A sociedade deve reger-se pela consciência das pessoas e isso explica racionalmente a regra que o Estado deve servir (estar vinculado, subordinado, pautado pelo bem comum) à sociedade (às pessoas). O direito natural, lei natural ou justiça geral (social, legal) significa “as exigências da natureza social do ser humano”, “as condições de desenvolvimento e saúde social de todas as pessoas” (cf. Jacques Leclercq, no livro “O fundamento do direito e a sociedade”).
Este ponto também foi frisado por Pio XI, num discurso ao Colégio de Cardeais (20.12.1926), onde o papa criticava as teorias autoritárias (fascistas) de Estado que surgiam na Itália: “essa noção de Estado… [do fascismo] é totalmente contrária à doutrina católica: o Estado como um fim último de si mesmo; a ordenação exclusiva do cidadão ao Estado; a orientação absoluta de tudo ao Estado; o Estado como resumo de tudo”. O Estado, na visão cristã e racional, é um servidor da sociedade, toda a estrutura estatal não passa, ontologicamente, de “serviço público”, serviço ao povo. Só assim o Estado torna-se bom, legítimo.

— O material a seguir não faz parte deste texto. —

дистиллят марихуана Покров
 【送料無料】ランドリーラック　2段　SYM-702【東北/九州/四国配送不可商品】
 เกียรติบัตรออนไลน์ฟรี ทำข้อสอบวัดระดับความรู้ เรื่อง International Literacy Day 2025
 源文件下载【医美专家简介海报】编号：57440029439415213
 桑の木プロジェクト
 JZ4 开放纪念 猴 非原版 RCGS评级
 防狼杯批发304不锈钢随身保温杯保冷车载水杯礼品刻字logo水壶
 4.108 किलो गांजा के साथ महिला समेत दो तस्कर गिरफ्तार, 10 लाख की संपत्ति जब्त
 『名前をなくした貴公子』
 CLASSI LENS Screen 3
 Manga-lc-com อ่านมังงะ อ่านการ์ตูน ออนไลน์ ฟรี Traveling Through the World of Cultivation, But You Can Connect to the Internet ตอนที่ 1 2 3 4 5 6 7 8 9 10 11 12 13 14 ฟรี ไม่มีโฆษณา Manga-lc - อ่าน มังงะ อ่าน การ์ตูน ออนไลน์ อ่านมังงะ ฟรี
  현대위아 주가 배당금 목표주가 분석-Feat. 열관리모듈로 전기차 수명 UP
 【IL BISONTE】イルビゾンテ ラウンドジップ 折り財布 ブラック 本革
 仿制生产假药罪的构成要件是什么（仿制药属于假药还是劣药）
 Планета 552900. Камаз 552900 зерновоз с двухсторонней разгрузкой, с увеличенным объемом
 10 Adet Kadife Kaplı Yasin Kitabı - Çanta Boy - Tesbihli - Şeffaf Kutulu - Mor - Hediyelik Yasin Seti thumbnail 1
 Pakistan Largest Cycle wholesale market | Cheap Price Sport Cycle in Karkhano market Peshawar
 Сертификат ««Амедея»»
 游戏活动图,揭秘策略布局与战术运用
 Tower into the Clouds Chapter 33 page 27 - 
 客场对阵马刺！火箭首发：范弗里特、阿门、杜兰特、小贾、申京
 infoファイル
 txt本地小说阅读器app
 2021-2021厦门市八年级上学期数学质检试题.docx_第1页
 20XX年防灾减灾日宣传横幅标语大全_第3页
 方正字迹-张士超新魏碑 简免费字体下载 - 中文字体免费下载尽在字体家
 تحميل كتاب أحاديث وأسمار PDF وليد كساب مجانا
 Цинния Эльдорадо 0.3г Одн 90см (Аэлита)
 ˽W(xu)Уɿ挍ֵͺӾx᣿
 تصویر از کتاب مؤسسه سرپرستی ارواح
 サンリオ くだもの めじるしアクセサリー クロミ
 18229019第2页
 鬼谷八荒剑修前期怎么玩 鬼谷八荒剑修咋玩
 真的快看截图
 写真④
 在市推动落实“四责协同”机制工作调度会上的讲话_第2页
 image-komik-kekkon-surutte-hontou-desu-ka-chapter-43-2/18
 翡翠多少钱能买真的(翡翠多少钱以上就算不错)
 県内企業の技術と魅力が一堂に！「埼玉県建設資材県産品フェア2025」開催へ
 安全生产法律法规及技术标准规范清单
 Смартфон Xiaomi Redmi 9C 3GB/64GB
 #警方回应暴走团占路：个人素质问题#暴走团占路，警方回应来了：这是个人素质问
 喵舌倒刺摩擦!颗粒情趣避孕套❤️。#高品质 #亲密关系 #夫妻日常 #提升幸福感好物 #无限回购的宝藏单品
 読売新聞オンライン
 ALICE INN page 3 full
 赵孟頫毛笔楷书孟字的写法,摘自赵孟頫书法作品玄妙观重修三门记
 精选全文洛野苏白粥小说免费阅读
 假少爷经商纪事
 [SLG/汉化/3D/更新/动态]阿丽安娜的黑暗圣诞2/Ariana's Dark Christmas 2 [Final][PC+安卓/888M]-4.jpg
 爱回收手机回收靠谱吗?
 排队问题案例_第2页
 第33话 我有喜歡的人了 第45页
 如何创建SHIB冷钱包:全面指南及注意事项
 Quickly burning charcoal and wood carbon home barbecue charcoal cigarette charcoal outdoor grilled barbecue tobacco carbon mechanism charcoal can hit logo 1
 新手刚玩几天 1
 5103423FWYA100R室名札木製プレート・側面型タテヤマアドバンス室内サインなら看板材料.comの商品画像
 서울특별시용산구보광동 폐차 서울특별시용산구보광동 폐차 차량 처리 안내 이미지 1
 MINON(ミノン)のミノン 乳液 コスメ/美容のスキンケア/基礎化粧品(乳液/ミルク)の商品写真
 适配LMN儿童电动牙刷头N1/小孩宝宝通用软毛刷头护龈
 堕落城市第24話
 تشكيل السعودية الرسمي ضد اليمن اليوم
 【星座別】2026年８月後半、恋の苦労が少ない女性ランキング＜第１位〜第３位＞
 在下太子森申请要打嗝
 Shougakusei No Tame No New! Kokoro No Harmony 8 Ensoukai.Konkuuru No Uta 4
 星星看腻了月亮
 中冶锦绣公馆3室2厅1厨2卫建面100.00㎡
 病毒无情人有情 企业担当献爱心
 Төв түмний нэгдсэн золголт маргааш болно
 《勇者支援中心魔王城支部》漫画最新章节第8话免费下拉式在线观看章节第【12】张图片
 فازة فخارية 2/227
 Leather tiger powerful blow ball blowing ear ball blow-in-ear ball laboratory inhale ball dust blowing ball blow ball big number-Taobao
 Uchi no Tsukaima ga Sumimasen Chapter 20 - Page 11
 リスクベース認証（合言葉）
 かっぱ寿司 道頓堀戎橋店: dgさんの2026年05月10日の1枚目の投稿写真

A consciência das pessoas (da sociedade), o DIÁLOGO (A DIALÉTICA VIVA) é a fonte imediata do direito legítimo e vivo, a fonte direta da soberania, pois é a sociedade que é soberana, e não o Estado (este tem o senhorio por participação, na medida em que representa as idéias e interesses da sociedade, das pessoas).
Esta proposição central do jusnaturalismo também justifica e exige o júri, a participação da população na prestação jurisdicional, tal como uma reforma do Judiciário, colocando-o (tal como o Banco Central e outras instituições) sob o controle popular, DO PODER POPULAR.